Problem description: Starting at the line containing "Lululemon Women's Chargefeel" and ending at the line containing "11188 Ridgetop Lane", print every line of the material below exactly, both ends included, and stop there.

Task data:
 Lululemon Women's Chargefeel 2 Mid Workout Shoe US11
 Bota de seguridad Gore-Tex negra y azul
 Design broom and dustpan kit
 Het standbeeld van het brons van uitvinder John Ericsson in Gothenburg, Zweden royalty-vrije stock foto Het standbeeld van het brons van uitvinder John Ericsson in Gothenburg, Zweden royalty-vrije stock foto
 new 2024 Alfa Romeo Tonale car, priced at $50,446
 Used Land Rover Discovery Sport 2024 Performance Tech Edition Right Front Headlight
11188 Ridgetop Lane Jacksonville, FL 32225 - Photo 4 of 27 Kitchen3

...

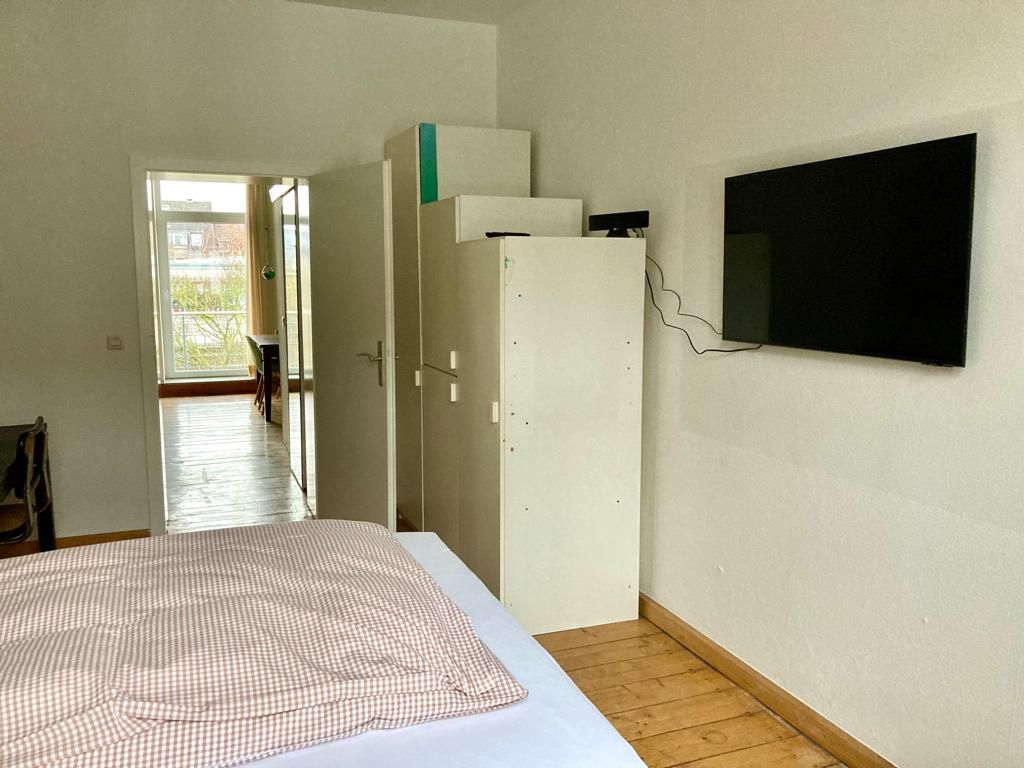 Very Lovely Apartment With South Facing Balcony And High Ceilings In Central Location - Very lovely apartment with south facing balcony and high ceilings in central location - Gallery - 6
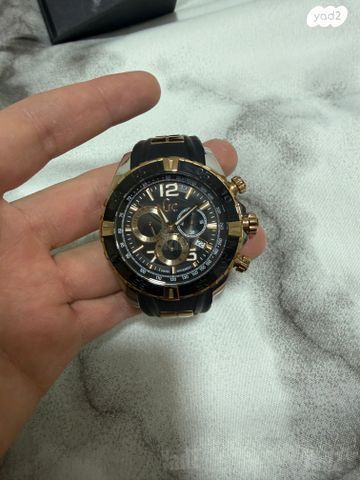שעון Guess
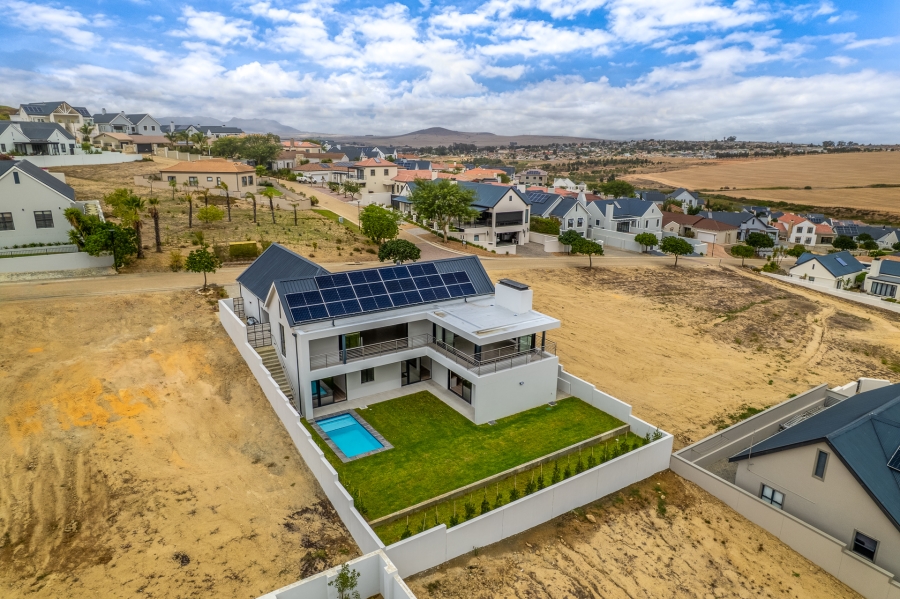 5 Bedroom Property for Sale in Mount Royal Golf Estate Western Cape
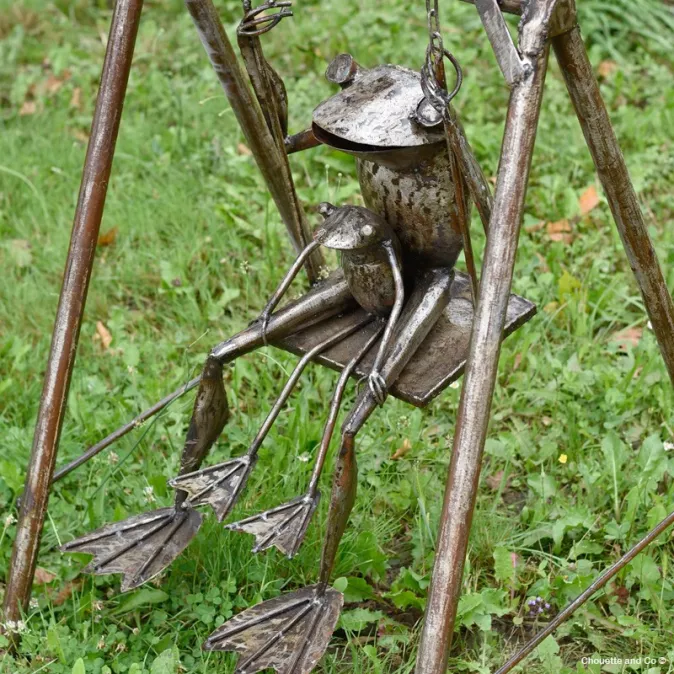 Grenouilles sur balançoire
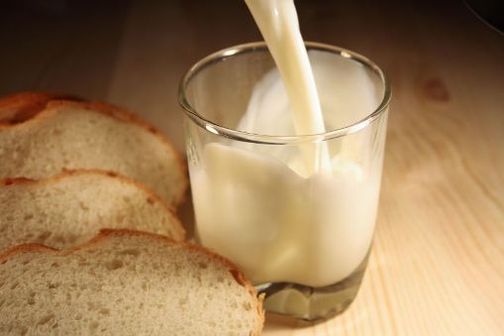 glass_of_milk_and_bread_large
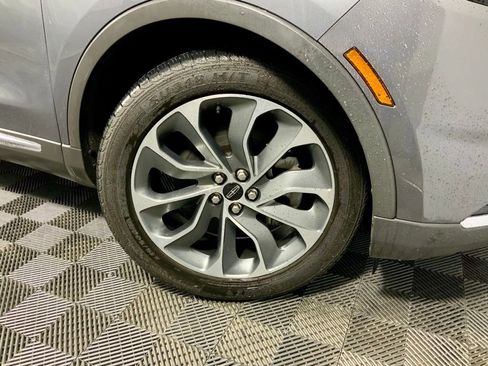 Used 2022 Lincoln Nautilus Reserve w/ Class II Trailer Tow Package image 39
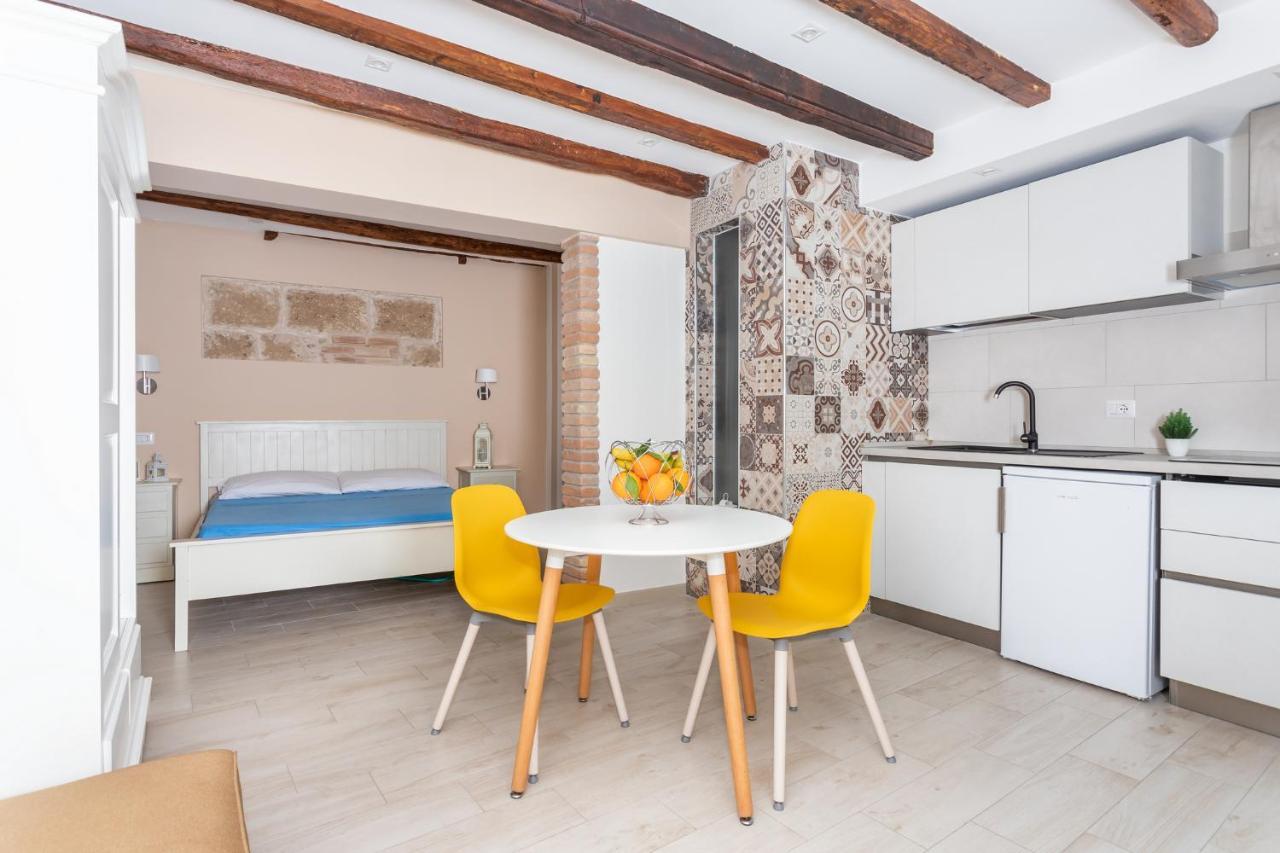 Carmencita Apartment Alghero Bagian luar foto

Solution to this problem:
 Lululemon Women's Chargefeel 2 Mid Workout Shoe US11
 Bota de seguridad Gore-Tex negra y azul
 Design broom and dustpan kit
 Het standbeeld van het brons van uitvinder John Ericsson in Gothenburg, Zweden royalty-vrije stock foto Het standbeeld van het brons van uitvinder John Ericsson in Gothenburg, Zweden royalty-vrije stock foto
 new 2024 Alfa Romeo Tonale car, priced at $50,446
 Used Land Rover Discovery Sport 2024 Performance Tech Edition Right Front Headlight
11188 Ridgetop Lane Jacksonville, FL 32225 - Photo 4 of 27 Kitchen3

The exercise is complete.